La sombra de un árbol había venido a interponerse entre él y el sol; sintió un poco frío, así que dejó cuidadosamente el libro a un lado poniendo atención para que no saliera volando hasta la calle y, haciendo un ejercicio de malabarismo —hay que tener en cuenta el alféizar no tenía más allá de diez o quince centímetros de ancho y la ventana distaba del suelo no menos de ocho o nueve metros—, se dio la vuelta y buscó la otra jamba de la ventana donde volvió a apoyar el lomo. Esto de vivir de gorra, pensó, es una de las grandes maravillas de la vida. Te haces pasar por tonto, como que no sabes hacer nada, absolutamente nada, ni siquiera fregar los platos o barrer la cocina y ya lo tienes todo arreglado, tan solo te queda la molestia de bajar hasta el plato de la comida cuando te viene el apetito.

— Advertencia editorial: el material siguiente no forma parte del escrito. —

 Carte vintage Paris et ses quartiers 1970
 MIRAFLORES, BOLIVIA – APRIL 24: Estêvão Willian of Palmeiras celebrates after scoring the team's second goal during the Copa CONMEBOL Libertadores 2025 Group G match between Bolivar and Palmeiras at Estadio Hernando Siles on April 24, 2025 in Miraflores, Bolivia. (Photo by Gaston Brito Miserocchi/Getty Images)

Uummmm, sintió una agradable sensación de bienestar; se estiró y miró cómo la vecina de enfrente, apoyando sus enormes tetas sobre el alféizar de la ventana, sacudía la alfombra con la pasión y la energía de una rolliza valkiria que trotara compulsivamente camino del palacio del dios Wotan para entregarle a éste el anillo del Rhin; siguió después con la vista las evoluciones de un crío que bajaba la calle haciendo cabriolas con su patinete mientras abrazaba contra su pecho una bolsa de tela por donde asomaban unos curruscos de pan la mar de apetitosos. Por cierto, que los humanos son la mar de ingeniosos, pensó recordando la cantidad de palabras que pueden llegar a usar para nombrar una cosa tan sencilla como uno de los extremos de la barra del pan. Para esta parte cada familia de castellanoparlantes parecía tener su propio nombre particular; había mirado por curiosidad en un foro y había encontrado todas estas palabras para nombrarla: cuco, tetilla, teta, currusco, currunco, coscorrón, culo, coquito, coco, pico, corrosco, cuerna, cipotillo, punta, rua, pezón y crostó; de todas maneras la que más gozaba de éxito seguía siendo la de currusco, que era como lo llamaba la abuela de Beatriz; y ya se sabe que en estas cosas lo que dice la abuela va a misa.
Era hora de volver a la lectura; Macbeth V, v: eso, la gran incógnita de eso que llaman vida: un cuento narrado por un idiota con gran aparato y que nada significa.